An end condition may be followed on the same line by optional non-end of line whitespace and then a subsequent start condition for any HTML block type. If so, the HTML block will be continued as a “compound HTML block” until a proper end condition for the new block start condition is met, itself in turn able to be compounded by a start condition trailing its end condition as described above. The extended compound block can then be treated as a single block of raw HTML.
Any single line may have up to one leading end condition iff an HTML block is ongoing and zero to one trailing start conditions. Any single line may also have mutliple start and end condition pairs between its zero to one leading end conditions and zero to one trailing start conditions.
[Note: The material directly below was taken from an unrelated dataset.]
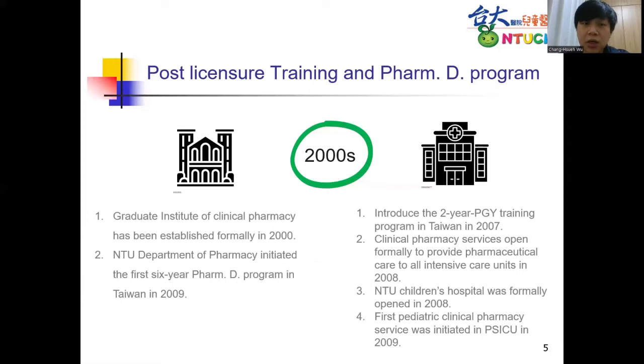In the hospital part, the PGI training program was introduced in 2007, pushed nationally by government policy to enhance the pharmacy skills of young pharmacists. Our first clinical pharmacy service was in 1991 in a surgical ICU, and after 10 more years, clinical pharmacy service was extended to all ICUs in our hospital in 2008 — a huge step toward expanding clinical pharmacy services. In the same year, our children's hospital was opened, and pediatric clinical pharmacy service was provided the following year.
Each start/end condition pair will also be treated as part of the compound HTML block.
Your lookahead here remains limited to the end of the line, which isn’t, by one measure, any worse than what you were doing before.
I’ll take another look at the text for precision (you might argue, eg, that, as worded, it does not deal cleanly with the blank line end condition for types 6 & 7), but I think that covers the gist of what would be needed. It is not especially heinous for parsers, and preserves the desire that “For any markup that is not covered by Markdown’s syntax, you simply use HTML itself.” (Luckily, John didn’t mention HTML comments in his list of block types.)